While most prominent Republicans and conservative pundits have condemned Trump’s idea, Palin joins others on the right such as Rush Limbaugh, Sean Hannity, Mark Levin, Ann Coulter, and Laura Ingraham who have either wholeheartedly endorsed Trump’s proposal or argued that he ‘has a point’ and that others on the right should not be joining Democrats and “the media” in attacking Trump. In Palin’s case, it also continues a mutual admiration society that has developed between Trump and Palin in recent months, with Palin making positive comments about Trump at random times through the Facebook page that now seems to be her primary means of communicating from her Alaskan redoubt with whatever is left of her supporters while Trump openly courts those same supporters. As National Review’s Jim Gerghaty pointed out, this new relationship is somewhat odd given Trump’s history of making critical, often disparaging comments about Palin in the past, but given Trump’s long history of inconsistency and flip-flopping I suppose it isn’t entirely surprising either. Indeed, as Gerghaty noted at the time, Trump had already won over a significant portion of Palin’s fan base early in this campaign, and while she has not endorsed him formally, Palin certainly seems to be giving Trump her blessing even to the point of praising an idea that is so obviously bigoted and nonsensical that practically no right-minded conservative is supporting it at this point.

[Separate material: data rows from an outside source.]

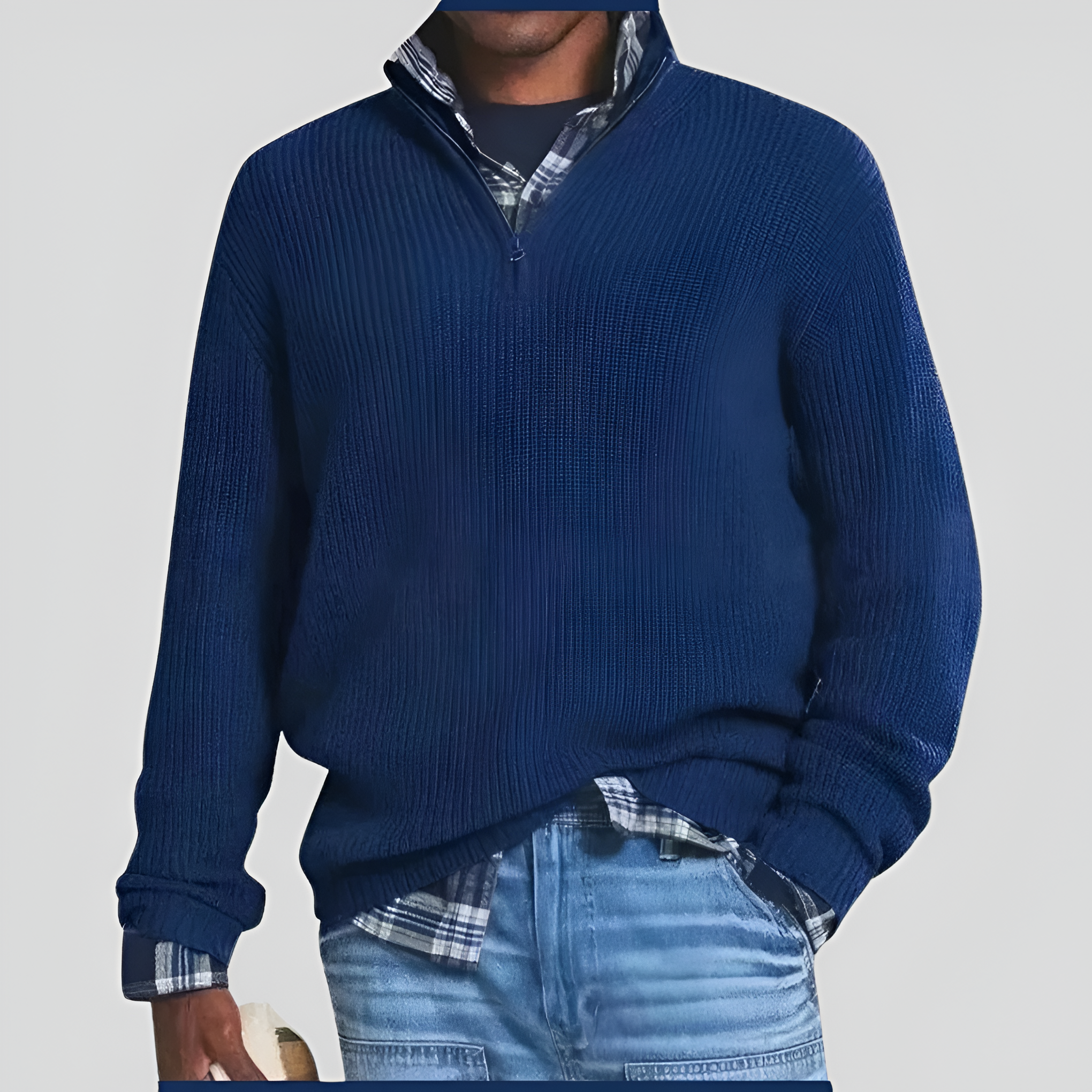 Ribbed Pullover Jumper | Men’s Winter Quarter Zip
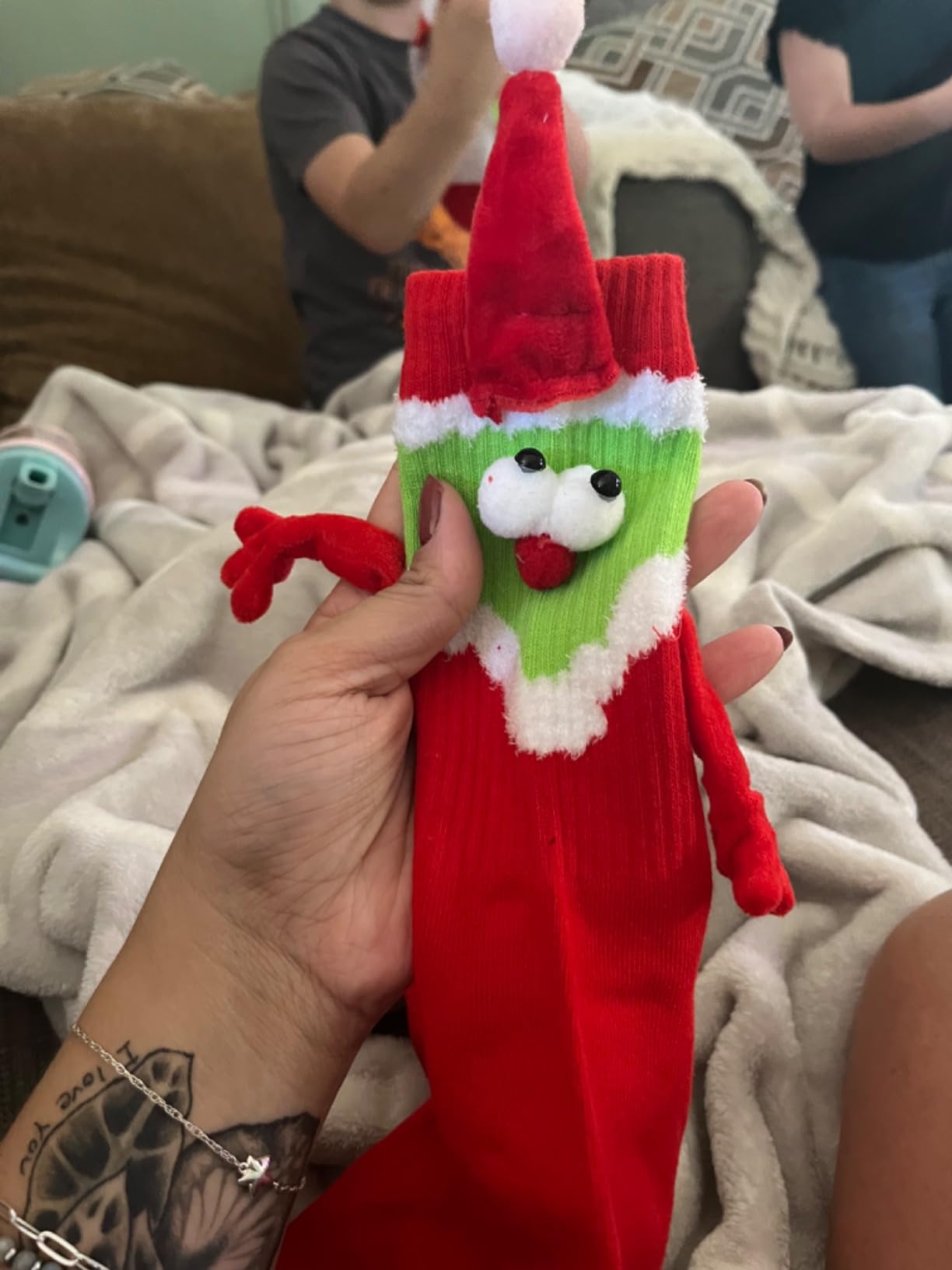 4 Pairs Funny Christmas Socks, Magnetic Hand Holding Socks, Christmas Stocking Stuffers for Women Men Couples, White Elephant Exchange Gifts, Xmas Secret Santa Gag Gifts - Customer Photo 2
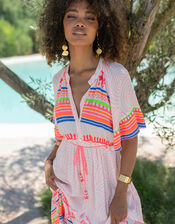 Piti Cuiti Neon Stripe Maxi Dress, Multi (MULTI), large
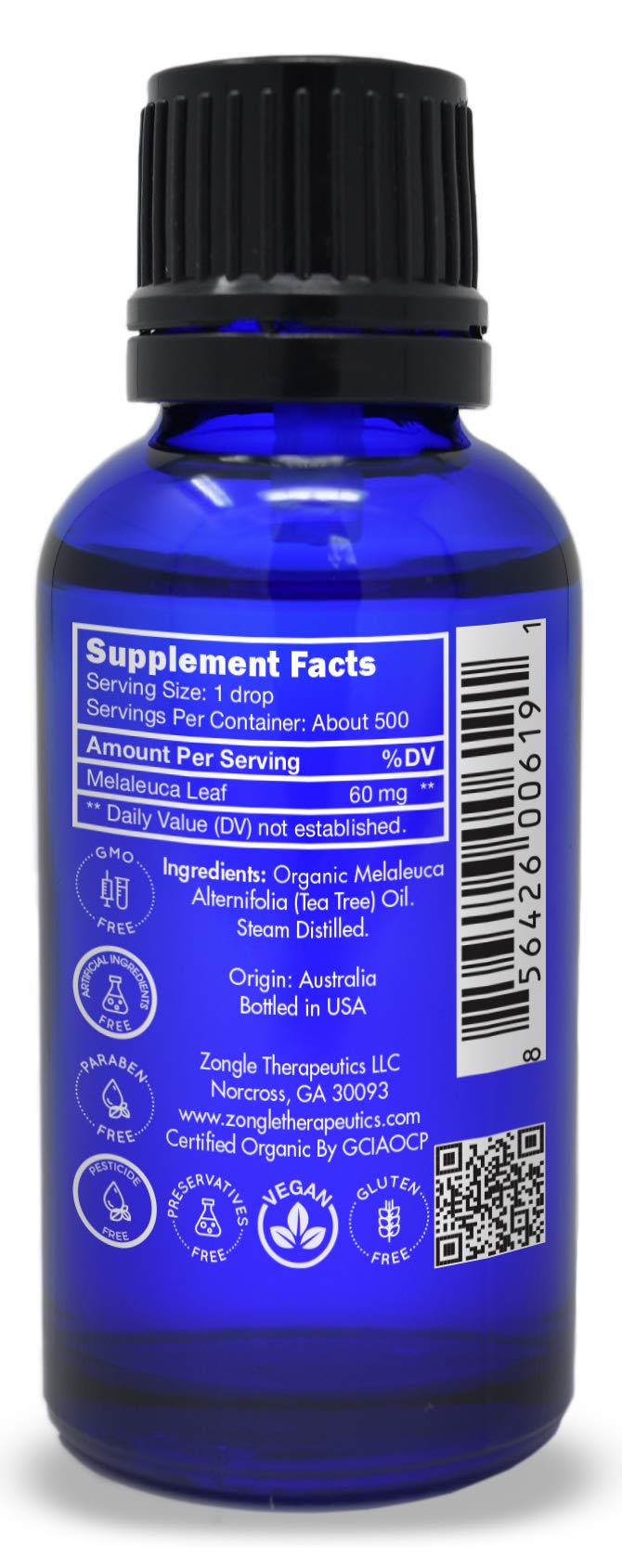 Organic, Tea Tree, Melaleuca, Oil, Food Grade – 100% Pure, Tea Tree Essential Oil, by Zongle Therapeutics, 1 OZ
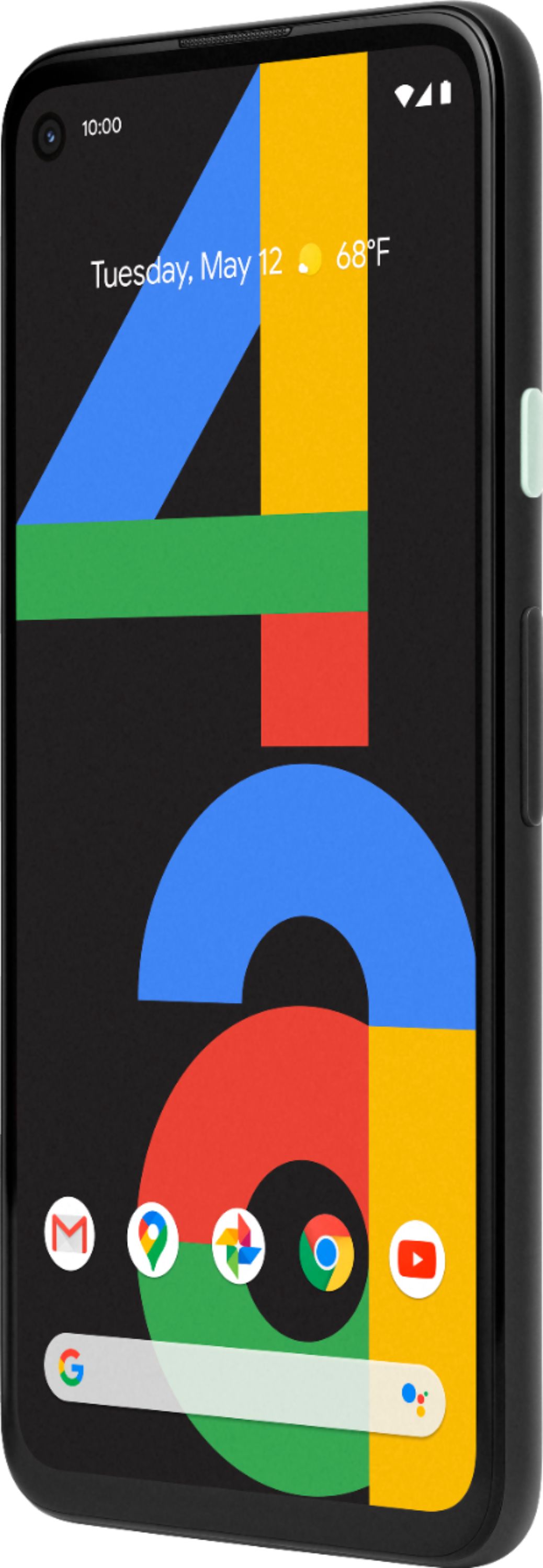 Left View: Google - Geek Squad Certified Refurbished Pixel 4 with 128GB Cell Phone (Unlocked) - Just Black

It’s not clear what influence Sarah Palin even has inside the Republican Party at this point, so her decision to get behind Trump like this may not end up having much of an impact at all. Unlike four years ago, there was no real effort by anyone to try to convince Palin to run for President, for example, and she never really expressed any interest in doing so. Of course, that last part isn’t surprising since Palin seems to be enjoying her life as a D-List celebrity far too much to get back into the world of retail politics which requires actual work and requires one to do more than pontificate from a Facebook page while hiding out in Alaska. Perhaps these Trump comments are her effort to throw herself back into the political conversation, but I’m not sure why any sane person would support something as obviously bigoted as Trump’s plan as a way of reintroducing themselves to voters. But then, Palin has always been inexplicable and irrational so I suppose it all makes sense to her somehow.
Incidentally, Sarah Palin wasn’t the only former Republican candidate for office to endorse Trump’s immigration plan yesterday:
A former imperial wizard of the Ku Klux Klan, who once attended a Holocaust denial conference organised by Iran’s former hardline president, Mahmoud Ahmadinejad, came to Donald Trump’s defence on Tuesday, saying the Republican frontrunner was under fire because his words threatened a “pro-Israel” US foreign policy
David Duke told his own radio show that the billionaire property mogul and TV reality star was being attacked by Jews.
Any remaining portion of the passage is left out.